- MATERIAL FOR THE TASK -
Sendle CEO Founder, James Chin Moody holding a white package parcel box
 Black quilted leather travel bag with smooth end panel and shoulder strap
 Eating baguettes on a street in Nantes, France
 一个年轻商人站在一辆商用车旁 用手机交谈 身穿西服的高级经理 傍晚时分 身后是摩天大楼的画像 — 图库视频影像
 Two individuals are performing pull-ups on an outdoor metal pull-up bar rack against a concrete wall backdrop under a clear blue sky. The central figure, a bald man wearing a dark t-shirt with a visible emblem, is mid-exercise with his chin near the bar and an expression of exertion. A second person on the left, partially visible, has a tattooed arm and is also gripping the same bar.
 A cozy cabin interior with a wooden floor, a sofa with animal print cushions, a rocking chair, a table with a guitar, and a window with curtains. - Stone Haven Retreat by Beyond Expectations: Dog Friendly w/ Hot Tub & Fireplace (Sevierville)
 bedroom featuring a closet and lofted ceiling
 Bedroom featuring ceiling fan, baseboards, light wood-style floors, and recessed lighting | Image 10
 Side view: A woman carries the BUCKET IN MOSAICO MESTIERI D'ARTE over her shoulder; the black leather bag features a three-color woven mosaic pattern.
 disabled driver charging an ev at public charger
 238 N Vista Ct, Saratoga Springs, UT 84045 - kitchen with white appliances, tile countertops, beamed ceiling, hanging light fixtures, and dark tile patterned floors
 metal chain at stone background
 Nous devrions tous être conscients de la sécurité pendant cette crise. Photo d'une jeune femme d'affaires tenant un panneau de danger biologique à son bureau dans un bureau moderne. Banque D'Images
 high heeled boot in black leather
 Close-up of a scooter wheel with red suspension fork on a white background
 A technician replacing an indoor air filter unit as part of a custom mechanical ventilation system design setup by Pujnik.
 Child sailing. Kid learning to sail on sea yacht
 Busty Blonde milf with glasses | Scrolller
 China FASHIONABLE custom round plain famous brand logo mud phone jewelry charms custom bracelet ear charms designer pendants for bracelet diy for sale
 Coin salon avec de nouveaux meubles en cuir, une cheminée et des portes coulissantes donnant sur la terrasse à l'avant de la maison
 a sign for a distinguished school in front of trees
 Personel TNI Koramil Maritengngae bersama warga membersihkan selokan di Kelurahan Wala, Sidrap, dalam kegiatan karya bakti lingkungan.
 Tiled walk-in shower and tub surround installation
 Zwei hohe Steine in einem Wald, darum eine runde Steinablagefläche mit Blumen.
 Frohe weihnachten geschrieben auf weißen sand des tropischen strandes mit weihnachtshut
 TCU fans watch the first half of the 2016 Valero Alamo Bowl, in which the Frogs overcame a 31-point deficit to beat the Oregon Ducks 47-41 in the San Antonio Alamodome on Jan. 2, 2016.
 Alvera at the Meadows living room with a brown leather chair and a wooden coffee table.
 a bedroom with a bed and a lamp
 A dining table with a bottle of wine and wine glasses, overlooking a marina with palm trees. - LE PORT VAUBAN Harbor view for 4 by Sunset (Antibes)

- ASSIGNMENT -
Say how many lines in the entries contain the string "white", and leave out everything else.

- ANSWER FOR THE TASK -
3